_Input_
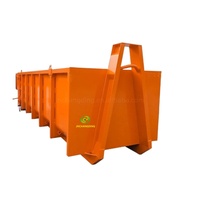 Conteneur à benne basculante Jnchangding de 30 m en acier Q235/Q345/S355 avec garantie de 3 ans pour le recyclage des déchets et des matériaux de construction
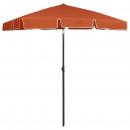 Strandschirm Terracotta-Rot 180x120 cm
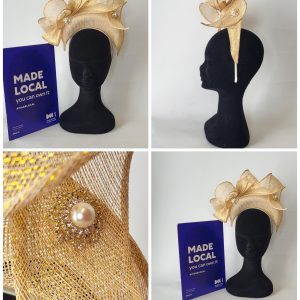 MAIA . METLAIC GOLD HALO FASCINATOR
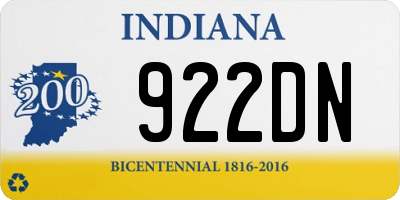 IN license plate 922DN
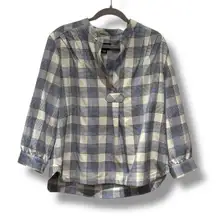 Pendleton Women's‎ Cottagecore 100% Virgin Wool Plaid Shirt Blue Plaid Check L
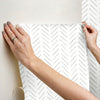 Painted Herringbone Peel and Stick Wallpaper Peel and Stick Wallpaper York Wallcoverings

_Exercise objective_
Without including any pictures, return every line of the records exactly.

_Output for this exercise_
 Conteneur à benne basculante Jnchangding de 30 m en acier Q235/Q345/S355 avec garantie de 3 ans pour le recyclage des déchets et des matériaux de construction
 Strandschirm Terracotta-Rot 180x120 cm
 MAIA . METLAIC GOLD HALO FASCINATOR
 IN license plate 922DN
 Pendleton Women's‎ Cottagecore 100% Virgin Wool Plaid Shirt Blue Plaid Check L
 Painted Herringbone Peel and Stick Wallpaper Peel and Stick Wallpaper York Wallcoverings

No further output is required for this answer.